Version originale du texte intégral

1 Introduction

In the area of depollution, the example of automotive exhaust gas after treatment [1] has demonstrated the complementarity of catalyst design and process design for higher performance. While Pt-based oxidation catalysts of the early converters evolved towards the three-way Pt-Rh catalysts, the classical fixed bed of millimetric particles evolved towards the monolith to minimize pressure drop and internal diffusion resistance; now the “cold trap” is used to better monitor pollutant release at cold-start.

This complementary approach, which is typical of process intensification applied to environmental issues, will be illustrated by three examples of research carried out at the LGPC.

2 A three-step process for the treatment of aqueous effluents loaded with phenolic compounds

The main drawback of water depollution is the slow reaction rate due to the low pollutant concentration level. Even the best available catalyst may require too high a pressure or a temperature to be efficient; this is well illustrated by catalytic wet oxidation. The second problem is that most people think of destroying the pollutant instead of destroying first the toxicity of the pollutant. With both ideas in mind, one may design a new depollution process of water containing chlorophenols [2]:

  • • hydrogenation/hydrogenolysis instead of oxidation is a candidate reaction for toxicity reduction since it leads to cyclohexanol that can be destroyed in a standard biological water treatment plant;
  • • preliminary adsorption of the pollutant(s) ensures the quality of the treated water and enables one to confine the pollutant within the process;
  • • finally, the design of a solid that is both the adsorbent and the hydrogenation catalyst leads to an intensified process wherein purification by adsorption and toxicity destruction takes place.
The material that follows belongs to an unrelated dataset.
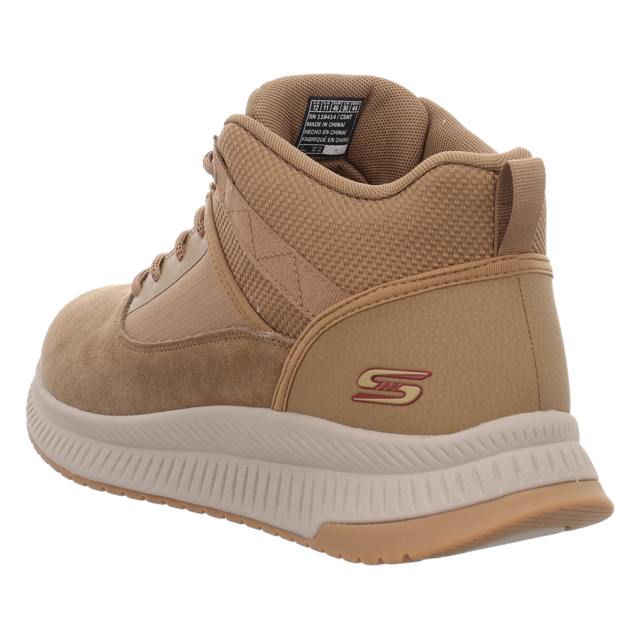 Skechers - 118414 CSNT - Bobx Squad 4-Urban - chestnut -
The third item above may seem paradoxical: if the pollutant is strongly adsorbed on the solid, it will be poorly available for the catalytic sites. Fortunately, simple chemistry yields the solution: at natural pH (slightly acidic), chlorophenol are neutral molecules that can be strongly adsorbed on charcoal. At higher pH, after adding sodium hydroxide, the phenol group ionizes and the molecules are much more available for some metal catalyst deposited on the charcoal. Incidentally, soda is then used to neutralized the hydrochloric acid produced by the hydrogenolysis of the CCl bond.

The depollution process is performed in a single fixed bed using a periodic sequence of three steps: adsorption, catalytic hydrogenation and thermal regeneration. The solid in the fixed bed is 3% w/w ruthenium on activated carbon. This material is suitable for both liquid–solid adsorption (first step) and gas-liquid-solid catalytic hydrogenation (second step). Fig. 1 illustrates the laboratory-scale process.

Fig. 1

Apparatus used for the decontamination of phenol-polluted waters by catalytic hydrogenation. Schematic of the pilot-scale process; left: adsorption/purification step, right: hydrogenation step.

2.1 Adsorption–concentration step

Waste water is continuously fed (pump P) to a fixed bed of pollutant-free activated carbon at ambient temperature and close to atmospheric pressure. As long as the outlet concentration is below the upper limit, a depolluted effluent is obtained. When the upper limit is reached, purification stops and two three-way valves (V1 and V2) allow for recycling of the polluted solution through the fixed bed, condenser, gas-liquid separator and liquid tank.

2.2 Hydrogenation step

Hydrogen is then fed to the fixed bed, which is operated in a co-current up flow mode under mild pressure conditions (less than 3 MPa). In the case of chlorophenol hydrogenation, sodium hydroxide is added to the recycled solution since it promotes chlorophenol desorption as chlorophenolate ions. Sodium hydroxide is also used to neutralize the hydrochloric acid produced during the reaction.

2.3 Regeneration step

Once the reaction is complete, the solution is discharged, the fixed bed is flushed with pure water and it is thermally regenerated under hydrogen to recover the initial state of the adsorbent and catalyst, and a new cycle is initiated.

2.4 Limitation of the process

Each of the step may bring its limitations to the whole process:

  • • the adsorption–concentration: it is generally very efficient for simple or more complex phenolic compounds; however, it has been observed that presence of high molecular weight molecules (such as lignin) may hinder the adsorption of the pollutants;
  • • the catalytic hydrogenation: like any other hydrogenation catalyst the Ru/carbon used may be sensitive to poisons. So far, the only poison clearly evidenced has been the Ca2+ ion. No significant deactivation has been observed for cumulated time of tens of hours during long time runs of 4-chlorophenol hydrogenation, but the catalyst lifetime has to be estimated to confirm the interest of the process. The use of Ru as catalyst may give rise to the question of the release of this metal in the effluents, but so far, under the operating conditions used, no leaching was observed.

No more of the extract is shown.